Zwei vertane Chancen: Wer bei Union seinen Startelf-Einsatz nicht nutzen konnte
Im Spiel gegen den FC Schalke durften sich bei Union Berlin einige Spieler aus der zweiten Reihe beweisen. Ihre Chance konnten sie nicht wirklich nutzen.

Nein, der Ärger im Lager des 1. FC Union Berlin über das torlose Remis gegen Schalke war nicht allzu groß. Trainer Urs Fischer betonte auf der Pressekonferenz nach dem Spiel, dass er mit dem einen Zähler gut leben könne. In dieser Bewertung spielte natürlich auch die Tatsache eine Rolle, dass der Verein zwischen den beiden größten Spielen seiner Vereinsgeschichte steht.
Nach dem 0:0 in der vergangenen Woche bei Ajax Amsterdam kommt der niederländische Rekordmeister am Donnerstag ins Stadion An der Alten Försterei. Dort fällt final die Entscheidung, ob die Eisernen tatsächlich ins Achtelfinale der Europa League einziehen werden. Dazwischen kam der Tabellenletzte der Bundesliga nach Berlin-Köpenick. Nur menschlich, dass es schwer war, den Fokus zu einhundert Prozent auf die Gelsenkirchener Gäste zu richten.
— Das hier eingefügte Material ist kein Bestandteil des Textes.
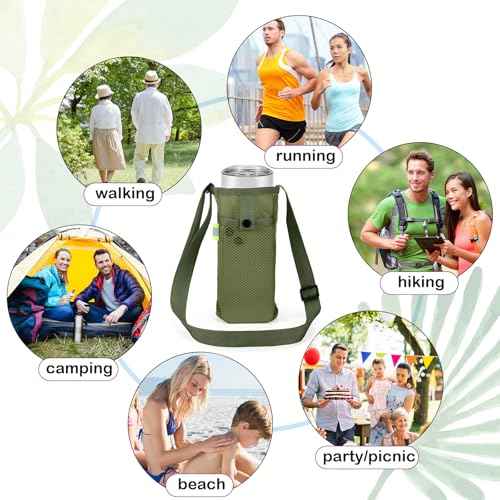 Mumufy Mesh Water Bottle Sling Holder with Adjustable Strap Crossbody Bottle Sleeve Carrier with Pouch for Outdoor Activities
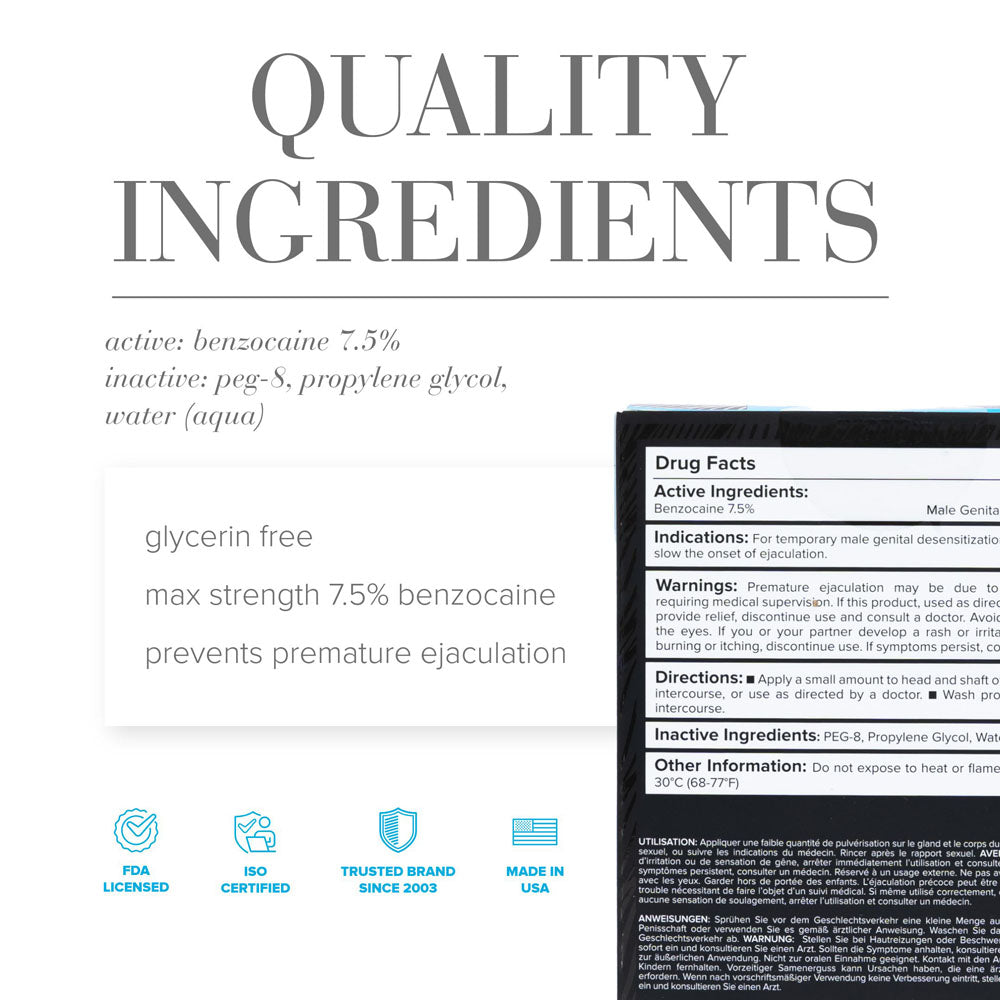 JO Prolonger Spray – Maximum Strength Desensitizing Spray for Men 60 mL ENHANCERS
Und dennoch: Die Chance war da, mit einem Sieg an die Tabellenspitze zu springen, den Patzer des FC Bayern am Vortag (2:3-Niederlage bei Borussia Mönchengladbach) eiskalt auszunutzen. Dafür brachte Fischer neues Personal. Gleich auf fünf Positionen änderte der Schweizer seine Startelf im Vergleich zum starken Auftritt in der Johan-Cruyff-Arena.
Kapitän Christopher Trimmel rückte auf die rechte Seite, Janik Haberer übernahm die Achter-Position von Morten Thorsby. Beide fehlten in Amsterdam gelbgesperrt, ihre Nominierung gegen Schalke war schon vorher eine ausgemachte Sache. Überraschender war da schon der Blick auf die Dreier-Abwehrkette. Diogo Leite fehlte gegen Schalke krankheitsbedingt im Kader, wurde allerdings nicht von Paul Jaeckel, sondern von Timo Baumgartl ersetzt, der in diesem Jahr noch gar nicht zum Zug kam. Der Ex-Stuttgarter machte seine Sache unaufgeregt, solide.
Jérome Roussillon dürfte auf links in Zukunft die 1A-Lösung sein
Und dann waren da noch Niko Gießelmann und Sven Michel. Erstgenannter hat seit diesem Winter in Zugang Jérome Roussillon frische Konkurrenz vor der Brust. Der ehemalige Wolfsburger machte nicht nur in Amsterdam einen guten Eindruck, hat sich in den ersten Wochen sowohl auf dem Platz als auch in der Kabine bestens integriert. Gießelmann wirkte gegen Schalke dagegen fahrig, seine wenigen Offensivaktionen mündeten in schwachen Flanken und auch sonst konnte er keine wertvollen Impulse liefern. Bleibt Roussillon verletzungsfrei, dürfte er sich in den kommenden Wochen auf links mehr und mehr als 1A-Lösung herauskristallisieren.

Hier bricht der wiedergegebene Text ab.